Received 28 December 2018; Revised 25 February 2019; Accepted 7 March 2019; Published 1 April 2019

Guest Editor: Vlado Delic

Copyright © 2019 Miljana Milić et al. This is an open access article distributed under the Creative Commons Attribution License, which permits unrestricted use, distribution, and reproduction in any medium, provided the original work is properly cited.


Accurate prediction of the short time series with highly irregular behavior is a challenging task found in many areas of modern science. Such data fluctuations are not systematic and hardly predictable. In recent years, artificial neural networks have widely been exploited for those purposes.
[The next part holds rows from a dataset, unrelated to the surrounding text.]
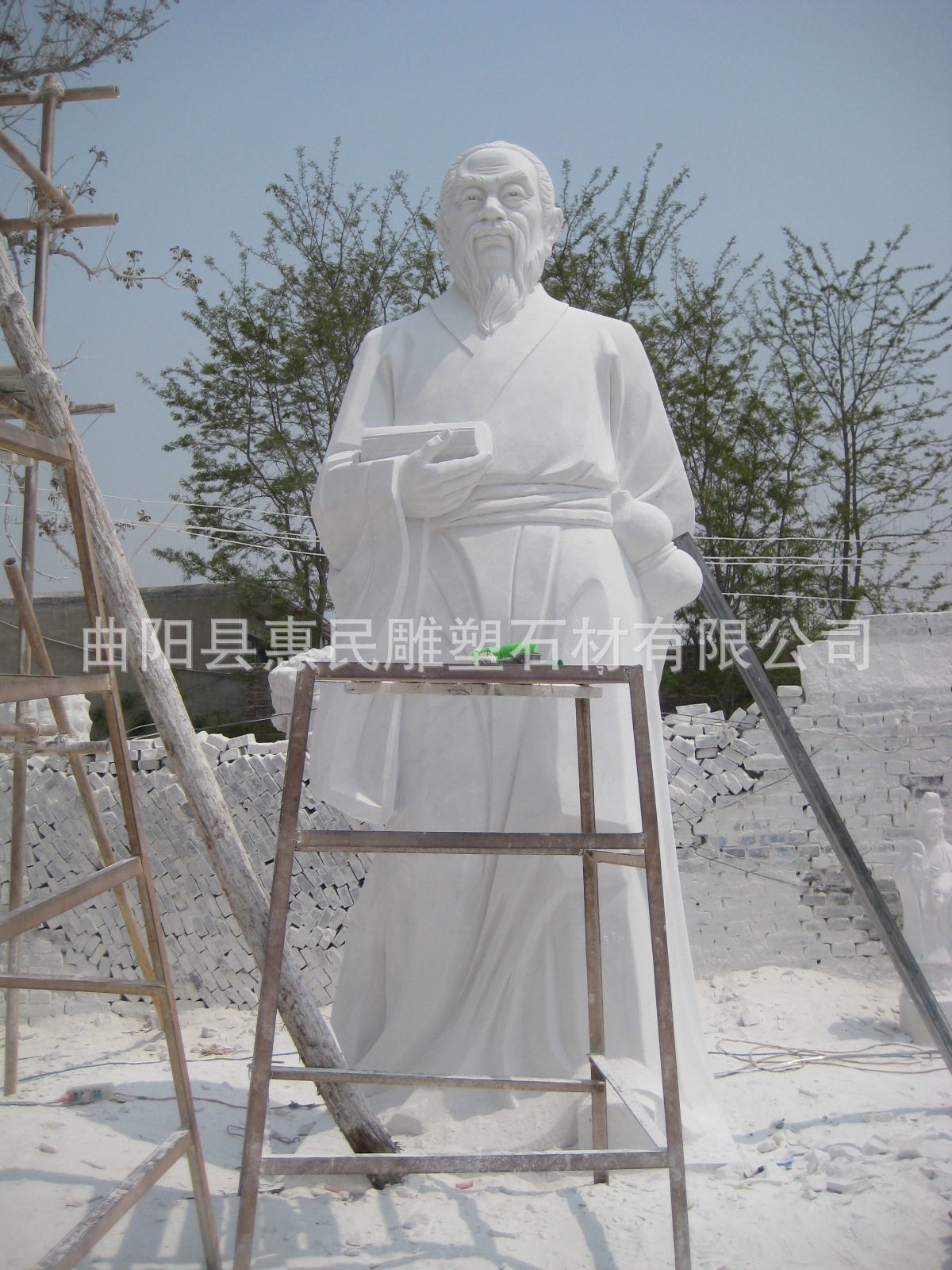 名人雕塑 古代人雕塑 神 汉白玉雕塑 大型石雕直销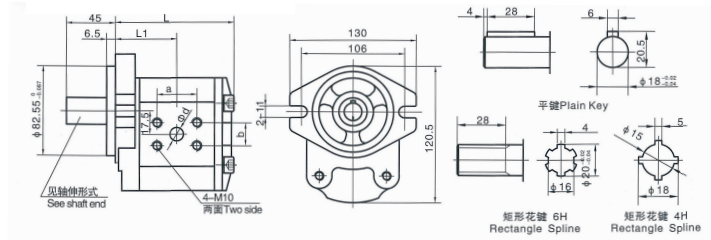 GBT-F400 Series Gear Pump pic GBT-F400 Series Gear Pump pic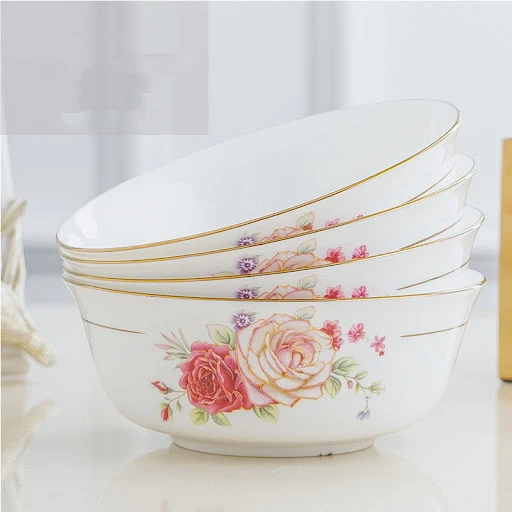 Title 2, Household Japanese Bone China Ceramic Bowl for ...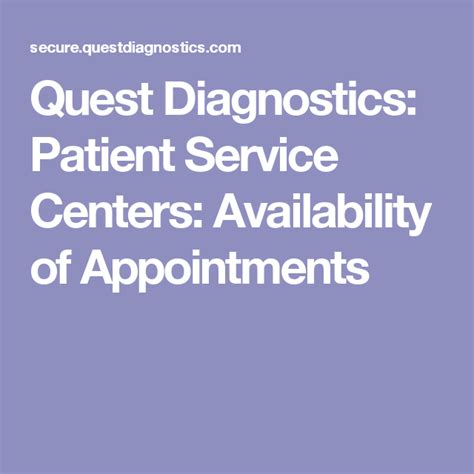 Make appointment quest - Make an appointment now and you'll have little to no wait time when you arrive. Appointments take priority over walk-ins. Schedule appointment. View, change or cancel an existing appointment. Confidently and securely access your upcoming appointments, lab results, and more with a free MyQuest ® account. Create a MyQuest account.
Although it is possible to model nonlinear behavior of short time series by using ANNs, very often they are not able to handle all events equally well. Therefore, alternative approaches have to be applied. In this study, a new, concurrent, performance-based methodology that combines best ANN topologies in order to decrease the forecasting errors and increase the forecasting certainty is proposed. The proposed approach is verified on three different data sets: the Serbian Gross National Income time series, the municipal traffic flow for a particular observation point, and the daily electric load consumption time series. It is shown that the method can significantly increase the forecasting accuracy of the individual networks, regardless of their topologies, which makes the methodology more applicable. For quantitative comparison of the accuracy of the proposed methodology with that of similar methodologies, a series of additional forecasting experiments that include a state-of-the-art ARIMA modelling and a combination of ANN and linear regression forecasting have been conducted.